I've always been fascinated by jugglers; I think it's amazing that someone can keep all those chainsaws in the air without dropping them, but there's a little part of me hoping that at some point, one will slip and we'll have a sight to see. This was my big problem with the movie: too many chainsaws in the air.

Just because we're different doesn't mean were not human. Love conquers all. If we stand together, there's nothing we can't accomplish. I love my gay -- errr, mutant son. Brett Ratner managed to set up each of these plotlines, and in fairness, he did resolve them. However, it wasn't very satisfying, since you needed a scorecard to keep track of all the characters running around. I was getting confused, and I read the comics for 15 years.

I don't really blame the director too much here: the action scenes were well done and fun to watch, but while Bryan Singer handles the character and plot development better than the action, Ratner definitely brings the big action to the screen well.

The basic plot: pharmaceutical company develops mutant "cure", so Magneto gets pissed and raises an army to slap the government around and announce that mutants aren't taking anymore crap from any humans. Meanwhile, the house of Xavier is a little shaky: the X-Men are now Storm, a withdrawn and depressed Cyclops, and the inexperienced Colossus, Rogue, Iceman and Shadowcat? Ariel? Sprite? Kitty Pryde? (They never really said her codename). I believe this would have made a serviceable and fairly satisfying film, but it looks like the studio made a few "suggestions" designed to set things up for future films.

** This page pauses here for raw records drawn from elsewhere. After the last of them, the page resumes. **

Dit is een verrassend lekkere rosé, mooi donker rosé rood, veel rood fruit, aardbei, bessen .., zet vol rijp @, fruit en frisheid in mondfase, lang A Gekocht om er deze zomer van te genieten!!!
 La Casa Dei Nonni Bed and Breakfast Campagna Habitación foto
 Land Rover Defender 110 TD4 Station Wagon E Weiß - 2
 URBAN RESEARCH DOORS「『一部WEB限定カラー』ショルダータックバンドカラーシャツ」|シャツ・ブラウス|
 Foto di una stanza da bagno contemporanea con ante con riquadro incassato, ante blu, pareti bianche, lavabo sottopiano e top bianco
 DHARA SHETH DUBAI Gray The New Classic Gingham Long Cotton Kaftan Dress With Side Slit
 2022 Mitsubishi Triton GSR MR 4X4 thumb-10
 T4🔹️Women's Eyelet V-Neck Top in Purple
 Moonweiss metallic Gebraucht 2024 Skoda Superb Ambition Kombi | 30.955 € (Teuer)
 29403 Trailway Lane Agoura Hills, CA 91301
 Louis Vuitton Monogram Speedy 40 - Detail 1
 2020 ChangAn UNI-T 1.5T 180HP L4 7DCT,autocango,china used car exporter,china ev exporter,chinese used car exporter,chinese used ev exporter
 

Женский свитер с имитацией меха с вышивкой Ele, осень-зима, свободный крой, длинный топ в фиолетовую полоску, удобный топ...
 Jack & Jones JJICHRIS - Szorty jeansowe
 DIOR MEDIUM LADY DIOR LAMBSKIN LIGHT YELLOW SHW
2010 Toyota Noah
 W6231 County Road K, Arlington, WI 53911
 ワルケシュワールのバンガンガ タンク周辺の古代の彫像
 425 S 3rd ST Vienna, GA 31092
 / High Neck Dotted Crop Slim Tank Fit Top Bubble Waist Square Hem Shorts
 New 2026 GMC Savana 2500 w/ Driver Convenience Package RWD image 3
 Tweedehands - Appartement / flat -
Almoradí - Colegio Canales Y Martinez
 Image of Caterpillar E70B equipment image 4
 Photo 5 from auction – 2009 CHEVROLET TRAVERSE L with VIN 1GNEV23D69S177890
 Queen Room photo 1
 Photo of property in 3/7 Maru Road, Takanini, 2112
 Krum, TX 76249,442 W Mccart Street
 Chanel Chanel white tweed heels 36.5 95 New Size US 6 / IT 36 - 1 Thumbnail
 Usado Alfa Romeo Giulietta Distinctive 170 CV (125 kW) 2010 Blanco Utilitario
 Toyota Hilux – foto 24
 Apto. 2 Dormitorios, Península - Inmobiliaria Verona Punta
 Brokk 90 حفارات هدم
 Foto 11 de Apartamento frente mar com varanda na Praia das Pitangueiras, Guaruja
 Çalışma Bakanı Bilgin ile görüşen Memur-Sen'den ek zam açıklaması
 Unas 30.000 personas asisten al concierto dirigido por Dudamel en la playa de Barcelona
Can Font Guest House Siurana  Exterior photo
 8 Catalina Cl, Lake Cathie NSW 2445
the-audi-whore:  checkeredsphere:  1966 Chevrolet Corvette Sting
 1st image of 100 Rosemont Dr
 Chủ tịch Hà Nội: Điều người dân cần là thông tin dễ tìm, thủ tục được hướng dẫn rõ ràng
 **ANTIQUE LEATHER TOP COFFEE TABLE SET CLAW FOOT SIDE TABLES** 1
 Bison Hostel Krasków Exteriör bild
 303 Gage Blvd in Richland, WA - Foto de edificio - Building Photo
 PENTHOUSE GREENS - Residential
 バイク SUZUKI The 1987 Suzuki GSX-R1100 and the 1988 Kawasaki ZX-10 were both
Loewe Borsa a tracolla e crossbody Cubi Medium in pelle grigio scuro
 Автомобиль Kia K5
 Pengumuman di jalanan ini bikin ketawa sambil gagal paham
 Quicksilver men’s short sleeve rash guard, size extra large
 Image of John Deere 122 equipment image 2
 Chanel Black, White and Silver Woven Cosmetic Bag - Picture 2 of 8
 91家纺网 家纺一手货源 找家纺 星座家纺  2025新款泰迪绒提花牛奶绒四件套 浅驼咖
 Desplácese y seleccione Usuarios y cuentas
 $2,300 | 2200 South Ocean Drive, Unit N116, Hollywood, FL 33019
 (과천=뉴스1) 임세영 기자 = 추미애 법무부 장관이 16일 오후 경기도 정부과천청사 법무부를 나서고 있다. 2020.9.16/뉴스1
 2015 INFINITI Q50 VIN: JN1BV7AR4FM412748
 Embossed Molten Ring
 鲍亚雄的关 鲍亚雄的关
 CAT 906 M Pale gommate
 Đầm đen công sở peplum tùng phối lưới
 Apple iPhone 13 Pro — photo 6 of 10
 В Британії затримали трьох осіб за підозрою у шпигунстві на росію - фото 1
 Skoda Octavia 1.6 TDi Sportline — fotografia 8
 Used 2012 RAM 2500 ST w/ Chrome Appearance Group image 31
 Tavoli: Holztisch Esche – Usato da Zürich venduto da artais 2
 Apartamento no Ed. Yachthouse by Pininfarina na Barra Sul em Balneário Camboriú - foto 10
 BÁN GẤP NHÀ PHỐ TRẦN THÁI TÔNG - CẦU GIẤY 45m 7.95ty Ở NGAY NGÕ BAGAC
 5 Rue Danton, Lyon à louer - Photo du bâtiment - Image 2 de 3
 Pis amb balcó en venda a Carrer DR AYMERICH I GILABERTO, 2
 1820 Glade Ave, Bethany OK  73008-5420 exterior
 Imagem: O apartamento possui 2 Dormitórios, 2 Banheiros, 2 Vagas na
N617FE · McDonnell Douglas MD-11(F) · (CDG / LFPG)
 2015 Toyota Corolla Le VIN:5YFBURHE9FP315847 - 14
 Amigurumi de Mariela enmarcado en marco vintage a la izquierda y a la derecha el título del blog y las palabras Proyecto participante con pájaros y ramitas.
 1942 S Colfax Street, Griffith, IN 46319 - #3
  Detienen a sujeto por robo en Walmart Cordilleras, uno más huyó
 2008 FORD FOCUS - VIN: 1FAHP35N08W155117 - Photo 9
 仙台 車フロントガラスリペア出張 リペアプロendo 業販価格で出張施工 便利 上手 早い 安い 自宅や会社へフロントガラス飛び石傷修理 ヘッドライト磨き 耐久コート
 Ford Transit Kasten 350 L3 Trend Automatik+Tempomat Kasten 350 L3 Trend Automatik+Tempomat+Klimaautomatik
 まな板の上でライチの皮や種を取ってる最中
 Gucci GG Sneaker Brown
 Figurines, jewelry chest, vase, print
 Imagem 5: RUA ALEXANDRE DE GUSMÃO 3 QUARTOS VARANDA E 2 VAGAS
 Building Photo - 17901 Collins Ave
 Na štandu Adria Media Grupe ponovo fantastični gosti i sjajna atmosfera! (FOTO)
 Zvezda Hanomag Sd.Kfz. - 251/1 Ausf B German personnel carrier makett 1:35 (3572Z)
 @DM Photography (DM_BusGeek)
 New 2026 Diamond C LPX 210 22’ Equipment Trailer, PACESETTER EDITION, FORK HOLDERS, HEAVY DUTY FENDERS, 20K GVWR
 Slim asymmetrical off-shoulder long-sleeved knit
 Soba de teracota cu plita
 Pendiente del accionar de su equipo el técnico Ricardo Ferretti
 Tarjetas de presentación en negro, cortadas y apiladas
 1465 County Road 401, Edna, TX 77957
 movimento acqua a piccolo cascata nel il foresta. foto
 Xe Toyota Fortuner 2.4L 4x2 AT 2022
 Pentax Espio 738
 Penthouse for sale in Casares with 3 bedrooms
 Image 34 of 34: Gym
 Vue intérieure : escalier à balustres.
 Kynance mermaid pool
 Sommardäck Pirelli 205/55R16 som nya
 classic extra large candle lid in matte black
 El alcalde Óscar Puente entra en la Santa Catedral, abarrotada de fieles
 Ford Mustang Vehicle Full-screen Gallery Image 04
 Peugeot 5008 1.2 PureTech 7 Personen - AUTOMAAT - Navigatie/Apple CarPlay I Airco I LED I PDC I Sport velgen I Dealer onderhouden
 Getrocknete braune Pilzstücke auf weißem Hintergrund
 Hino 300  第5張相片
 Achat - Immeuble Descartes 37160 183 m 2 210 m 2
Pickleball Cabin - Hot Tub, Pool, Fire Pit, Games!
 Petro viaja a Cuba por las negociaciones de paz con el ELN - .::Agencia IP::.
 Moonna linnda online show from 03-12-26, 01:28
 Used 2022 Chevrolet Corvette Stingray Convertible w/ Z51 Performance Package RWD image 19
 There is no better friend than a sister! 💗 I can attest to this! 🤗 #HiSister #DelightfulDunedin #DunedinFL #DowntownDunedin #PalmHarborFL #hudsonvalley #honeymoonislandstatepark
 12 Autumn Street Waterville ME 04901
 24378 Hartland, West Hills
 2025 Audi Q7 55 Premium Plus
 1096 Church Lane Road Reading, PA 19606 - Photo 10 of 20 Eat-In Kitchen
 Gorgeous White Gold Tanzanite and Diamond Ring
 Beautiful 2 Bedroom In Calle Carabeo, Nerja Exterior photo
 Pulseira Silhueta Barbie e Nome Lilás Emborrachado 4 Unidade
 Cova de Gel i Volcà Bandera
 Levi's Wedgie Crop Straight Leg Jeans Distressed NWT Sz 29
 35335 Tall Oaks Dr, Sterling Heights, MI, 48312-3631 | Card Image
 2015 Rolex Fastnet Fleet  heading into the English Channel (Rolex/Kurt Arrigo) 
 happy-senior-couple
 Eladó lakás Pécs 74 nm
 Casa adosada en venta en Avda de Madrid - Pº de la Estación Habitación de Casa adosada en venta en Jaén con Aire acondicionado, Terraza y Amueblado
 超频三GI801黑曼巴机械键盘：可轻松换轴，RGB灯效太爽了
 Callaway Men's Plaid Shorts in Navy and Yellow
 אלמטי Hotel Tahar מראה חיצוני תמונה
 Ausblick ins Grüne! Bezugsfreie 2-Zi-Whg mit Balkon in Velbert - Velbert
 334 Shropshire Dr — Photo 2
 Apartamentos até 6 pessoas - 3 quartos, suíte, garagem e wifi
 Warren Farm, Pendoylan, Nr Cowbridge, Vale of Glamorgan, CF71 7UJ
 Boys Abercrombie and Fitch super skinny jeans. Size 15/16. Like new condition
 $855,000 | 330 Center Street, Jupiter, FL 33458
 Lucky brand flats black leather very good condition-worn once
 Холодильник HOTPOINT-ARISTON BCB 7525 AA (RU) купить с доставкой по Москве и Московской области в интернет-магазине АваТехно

So suddenly, we have Phoenix; we have Angel and his father, who developed the "cure"; we have Henry McCoy, the Beast. All these characters and plots zip around the screen and they come crashing together in the end in a rather unsatisfying explosion of CGI. Had they gone with fewer characters and one or two less plotlines, this would have been a much better movie.

But despite all this, I didn't hate the movie. It did move along well, and the action sequences were well done (Kitty vs. the Juggernaut is a definite highlight; in fact, Vinnie Jones as the Juggernaut was an inspired bit of casting); however, I believe that had Bryan Singer finished the trilogy as was originally planned, this would have been a better movie and a stronger conclusion to the series. But Singer was drawn off to make Superman Returns and Ratner, originally slated to make Superman, took his jobless ass and made X-Men.

So if you're looking for a good check-your-brain-in-at-the-door movie, X-Men is a fine choice. It's no Snakes on a Plane, but what is? If you liked the character-driven stuff from the other two X-Movies, consider yourself warned. And if you do see it, stick around until after the credits end. You'll thank me later.